Jesus can see their alarm, so he identifies himself, “It is I, do not be afraid.”  That’s the way it is translated in the Revised Standard Version as well as most others.  Actually, Jesus said to the disciples, “I Am,” which he would say a lot more in John - I Am the shepherd, the Door, the Vine.  This sounds innocuous, but it is anything but.  When Moses asked God in the burning bush by what name he should be called, God answered in precisely the same words as here, “I Am.”  The disciples may have forgotten Jesus, but John hadn’t forgotten who Jesus was.  Gladly they take him on board, and then in no time at all, that quick, immediately, the boat was on the shore where they were going.  Helps to have I Am on board.

Funny that no one was mentioning food anymore.  There was no lust of the belly here, but everyone was filled to their satisfaction.  This feeding of the 5000 was a reversal of gluttony.  We are given what we need and it is enough and it is at that point that we are living in the kingdom of heaven.  You can’t control and make it last forever as human beings, you cannot walk on water whenever you want.

Most of the talk about gluttony and food today is self-righteous chatter about how one should live and eat correctly and healthfully.  Sometimes the talk may even venture into a concern for social justice not too far removed from the old line we heard at the dinner table - “Eat all your food; there are poor children in (name a country) who are starving.”  Jesus was tweaking Philip about buying bread as if that were a solution, and yes it could be.  And for the time being that is one of our best solutions: to buy food for those we know are hungry.

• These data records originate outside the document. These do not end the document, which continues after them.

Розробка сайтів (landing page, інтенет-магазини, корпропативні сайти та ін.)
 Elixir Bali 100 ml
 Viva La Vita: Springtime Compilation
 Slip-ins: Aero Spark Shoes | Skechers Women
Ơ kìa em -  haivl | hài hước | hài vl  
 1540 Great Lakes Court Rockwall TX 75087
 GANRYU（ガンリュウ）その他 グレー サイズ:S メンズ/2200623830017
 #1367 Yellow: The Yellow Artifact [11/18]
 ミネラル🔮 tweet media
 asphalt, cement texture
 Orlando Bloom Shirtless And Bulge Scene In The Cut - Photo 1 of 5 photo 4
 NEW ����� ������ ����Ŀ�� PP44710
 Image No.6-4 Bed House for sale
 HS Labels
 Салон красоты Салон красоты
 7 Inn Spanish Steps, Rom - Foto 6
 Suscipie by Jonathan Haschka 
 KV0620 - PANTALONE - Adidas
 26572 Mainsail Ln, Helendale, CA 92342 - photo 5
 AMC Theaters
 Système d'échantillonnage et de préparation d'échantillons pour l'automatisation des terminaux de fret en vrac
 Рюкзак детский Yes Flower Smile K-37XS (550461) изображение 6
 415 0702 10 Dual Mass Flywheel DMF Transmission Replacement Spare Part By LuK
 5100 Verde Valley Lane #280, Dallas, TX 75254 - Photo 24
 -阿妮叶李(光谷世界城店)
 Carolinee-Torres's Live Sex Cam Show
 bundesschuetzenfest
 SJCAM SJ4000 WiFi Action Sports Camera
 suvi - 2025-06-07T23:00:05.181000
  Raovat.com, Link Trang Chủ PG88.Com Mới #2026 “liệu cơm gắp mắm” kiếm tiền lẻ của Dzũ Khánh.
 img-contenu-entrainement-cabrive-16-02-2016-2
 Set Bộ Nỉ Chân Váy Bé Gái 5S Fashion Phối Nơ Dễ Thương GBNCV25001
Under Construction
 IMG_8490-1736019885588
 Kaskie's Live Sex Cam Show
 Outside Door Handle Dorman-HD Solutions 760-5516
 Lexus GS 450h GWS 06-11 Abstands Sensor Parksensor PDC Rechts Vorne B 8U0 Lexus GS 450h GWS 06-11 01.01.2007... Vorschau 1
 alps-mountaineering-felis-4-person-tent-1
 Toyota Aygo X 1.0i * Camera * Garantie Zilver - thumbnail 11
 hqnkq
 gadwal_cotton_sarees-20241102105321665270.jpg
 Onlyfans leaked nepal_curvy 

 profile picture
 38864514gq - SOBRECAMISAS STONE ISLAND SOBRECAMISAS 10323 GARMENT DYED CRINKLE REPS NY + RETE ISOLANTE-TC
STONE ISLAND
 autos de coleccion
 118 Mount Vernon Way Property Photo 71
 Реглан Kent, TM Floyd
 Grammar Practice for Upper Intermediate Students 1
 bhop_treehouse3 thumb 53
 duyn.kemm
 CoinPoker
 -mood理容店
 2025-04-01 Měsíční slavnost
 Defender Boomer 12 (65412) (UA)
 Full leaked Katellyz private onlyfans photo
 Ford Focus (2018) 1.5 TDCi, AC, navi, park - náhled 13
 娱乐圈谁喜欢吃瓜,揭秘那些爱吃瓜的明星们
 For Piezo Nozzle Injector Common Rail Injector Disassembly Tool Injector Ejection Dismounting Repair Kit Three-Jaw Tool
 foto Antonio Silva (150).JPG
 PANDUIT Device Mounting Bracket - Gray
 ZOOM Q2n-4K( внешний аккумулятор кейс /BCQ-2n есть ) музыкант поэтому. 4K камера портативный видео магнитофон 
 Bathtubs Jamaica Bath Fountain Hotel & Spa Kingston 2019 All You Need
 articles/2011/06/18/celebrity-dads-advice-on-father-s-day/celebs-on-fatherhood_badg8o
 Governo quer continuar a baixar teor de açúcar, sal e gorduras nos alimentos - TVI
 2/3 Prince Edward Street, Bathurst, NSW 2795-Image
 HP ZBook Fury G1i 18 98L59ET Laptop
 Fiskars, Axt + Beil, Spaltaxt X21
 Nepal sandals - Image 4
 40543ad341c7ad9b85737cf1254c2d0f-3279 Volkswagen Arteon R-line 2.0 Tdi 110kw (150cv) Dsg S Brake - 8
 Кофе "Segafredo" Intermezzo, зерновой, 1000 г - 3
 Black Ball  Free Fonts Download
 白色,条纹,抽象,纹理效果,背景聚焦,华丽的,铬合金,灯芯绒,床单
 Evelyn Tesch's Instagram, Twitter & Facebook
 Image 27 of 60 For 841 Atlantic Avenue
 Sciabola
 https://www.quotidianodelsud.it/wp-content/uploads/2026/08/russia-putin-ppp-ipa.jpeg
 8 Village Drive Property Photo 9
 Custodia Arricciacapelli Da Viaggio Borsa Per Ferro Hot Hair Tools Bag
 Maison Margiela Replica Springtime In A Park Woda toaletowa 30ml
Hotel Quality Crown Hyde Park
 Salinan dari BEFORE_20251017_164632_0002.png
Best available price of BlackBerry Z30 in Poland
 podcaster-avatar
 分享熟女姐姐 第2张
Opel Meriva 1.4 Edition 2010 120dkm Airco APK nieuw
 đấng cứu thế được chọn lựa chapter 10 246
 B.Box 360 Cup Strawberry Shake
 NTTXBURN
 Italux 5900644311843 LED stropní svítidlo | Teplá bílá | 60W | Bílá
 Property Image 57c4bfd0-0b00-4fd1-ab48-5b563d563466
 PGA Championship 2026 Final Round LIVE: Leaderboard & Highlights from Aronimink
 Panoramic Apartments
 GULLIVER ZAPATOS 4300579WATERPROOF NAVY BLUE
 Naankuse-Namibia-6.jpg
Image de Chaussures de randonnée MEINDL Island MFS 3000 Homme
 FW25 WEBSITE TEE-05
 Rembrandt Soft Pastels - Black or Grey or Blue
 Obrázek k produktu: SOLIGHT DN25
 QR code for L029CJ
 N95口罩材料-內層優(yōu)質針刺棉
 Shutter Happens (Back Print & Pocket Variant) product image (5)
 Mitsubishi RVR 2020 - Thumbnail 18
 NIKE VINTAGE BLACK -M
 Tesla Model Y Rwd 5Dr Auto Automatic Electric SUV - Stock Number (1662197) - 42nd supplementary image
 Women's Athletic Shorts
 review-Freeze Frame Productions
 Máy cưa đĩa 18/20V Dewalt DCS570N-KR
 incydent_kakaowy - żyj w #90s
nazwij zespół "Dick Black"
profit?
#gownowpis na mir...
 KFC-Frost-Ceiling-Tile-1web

Nevertheless, at this moment we are listening for the Gospel which insists that as we turn our desires and lusts towards the benefit of other people, the world changes and so do you and me.  Our inadequacy enables us to receive grace and that grace for a little while is the kingdom of heaven.  The kingdom of heaven, however, happens in the midst of people working and serving and loving and eating together, at those remarkable moments when everyone has enough and has eaten their fill.